Dr. Michael Jischa of the Institute of Applied Mechanics (Clausthal-Zellerfeld, Germany) gave the keynote address, “Limits to Growth.” Jischa highlighted the accuracy of the world predictions made by the Club of Rome in the 1970s. A global think tank, the Club of Rome was founded in 1968 at Accademia dei Lincei in Rome, Italy. Describing itself as “a group of world citizens, sharing a common concern for the future of humanity,” the group consists of current and former heads of state, United Nations bureaucrats, high-level politicians and government officials, diplomats, scientists, economists and business leaders from around the globe. Unfortunately, Jischa noted, not enough attention was paid to these predictions until recently. It’s clear, he added, that scientists and engineers must now think beyond technical and economic reasoning and consider the environment and the impact of new technology on the future development of the world. In conclusion, Jischa pointed out that technology offers answers to many challenging questions, but society must be very clear about the questions.

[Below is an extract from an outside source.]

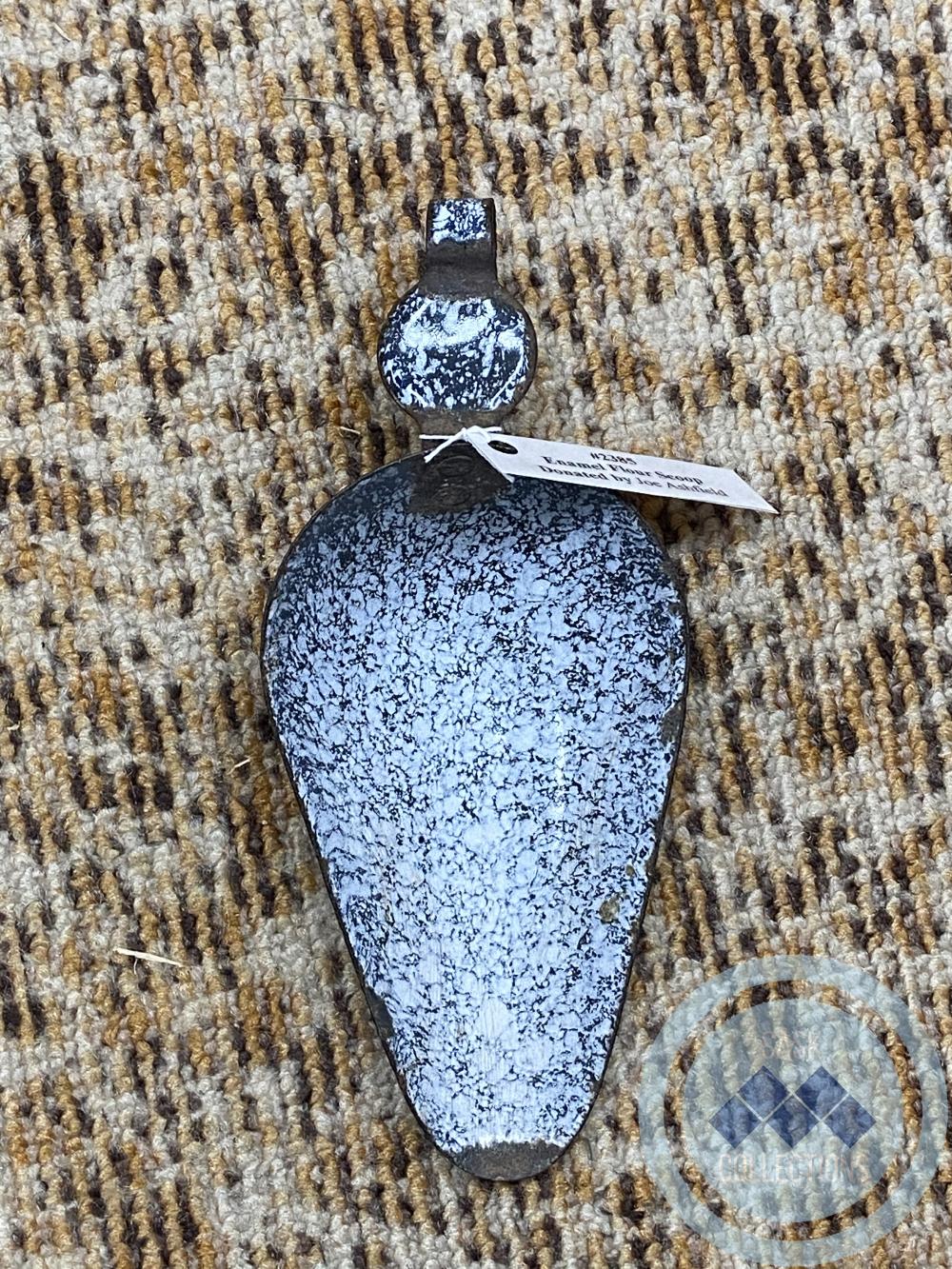 Enamel Flour Scoop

Henri Girardy, business development manager at Hexcel (Stamford, Conn., and Duxford, U.K.), presented “Hexcel’s Development Status of Advanced Carbon Reinforcements for Primary Aircraft Structures Made by Using Cost Effective OOA Technologies.” Girardy explained that although high-performance prepreg is the benchmark material for primary aircraft structure, the drive now is to reduce cost and weight and — as manufacturing rates increase to unprecedented levels — to make ever-larger, integrated parts. He noted that out-of-autoclave manufacturing via vacuum-assisted resin transfer molding (VARTM) is recognized as a cost-effective process, but he said improvements in material performance are required if the process is to enable fabrication of primary aircraft structure. This, he reported, has been the focus of Hexcel’s effort. Two types of dry fiber material have been developed by Hexcel to match unidirectional (UD) prepreg performance. The first is a noncrimp fabric (NCF) that exhibits improved performance. The second, a dry UD tape called HiTape, is designed for use with standard automated tape laying (ATL) and automated fiber placement (AFP) machines.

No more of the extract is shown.